Gans’s solution to this, what he calls “Multiperspectival News,” is both an unworkable solution to an impossible-to-solve problem, and fully realized in the modern internet. Let’s start with the fully-realized bit. His described solution, and especially the “two-tier model” is the internet and modern media landscape. The internet consists of a multitude of heterogenous news outlets that “devote themselves primarily to reanalyzing and reinterpreting news gathered by the central media…adding their own commentary and backing these up with as much original reporting, particularly to supply bottom-up, representative, and service news…” (318) What Gans describes sounds like the blogs I read every day.

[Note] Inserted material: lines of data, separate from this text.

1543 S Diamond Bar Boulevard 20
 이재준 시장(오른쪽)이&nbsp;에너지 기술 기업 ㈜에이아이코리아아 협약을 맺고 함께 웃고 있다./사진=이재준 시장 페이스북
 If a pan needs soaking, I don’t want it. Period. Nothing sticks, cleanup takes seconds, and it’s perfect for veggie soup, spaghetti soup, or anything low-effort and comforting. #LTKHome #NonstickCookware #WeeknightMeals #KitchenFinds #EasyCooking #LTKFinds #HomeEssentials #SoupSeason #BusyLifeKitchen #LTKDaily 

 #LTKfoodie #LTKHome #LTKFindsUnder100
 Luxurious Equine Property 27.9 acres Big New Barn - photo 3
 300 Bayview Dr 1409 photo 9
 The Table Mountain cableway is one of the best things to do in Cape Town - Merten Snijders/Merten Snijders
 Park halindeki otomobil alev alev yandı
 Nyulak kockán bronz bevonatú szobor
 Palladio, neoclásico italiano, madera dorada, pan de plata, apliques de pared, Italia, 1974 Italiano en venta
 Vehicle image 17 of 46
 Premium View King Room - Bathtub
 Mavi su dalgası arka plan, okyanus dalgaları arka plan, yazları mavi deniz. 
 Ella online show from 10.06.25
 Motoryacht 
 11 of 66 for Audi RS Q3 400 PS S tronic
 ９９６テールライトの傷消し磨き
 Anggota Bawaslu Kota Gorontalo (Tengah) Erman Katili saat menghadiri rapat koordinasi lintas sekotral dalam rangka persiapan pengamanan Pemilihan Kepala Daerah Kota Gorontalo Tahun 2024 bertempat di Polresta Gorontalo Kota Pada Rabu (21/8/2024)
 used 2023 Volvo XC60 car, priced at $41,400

Modern media does of course fall short of Gans’s ideal: even though it is structurally similar, no outlet is really multiperspectival in the ways Gans wants them to be. And as I said before, I don’t think they can be. Gans briefly mentions my critique on page 311: you cannot add up every perspective together. If you try, you end up with nonsense and incoherence. As he says, “One cannot be a Marxist and a libertarian concurrently.” And we can’t each adopt only a single, pure perspective either. That is too limiting and not realistic to our life experiences. Instead, every person must synthesize, and this involves blending perspectives together. And once you do that, you automatically leave some things out of your perspective. That’s why no individual journalist can ever approach the ideal of “multiperspectival news”, and why collectively no journalistic organization will reach it either. We just have to live with this limitation; and we might do better for ourselves if we didn’t view it so much as a limitation, dropped the goal of “multiperspectival news”, and asked a different set of questions!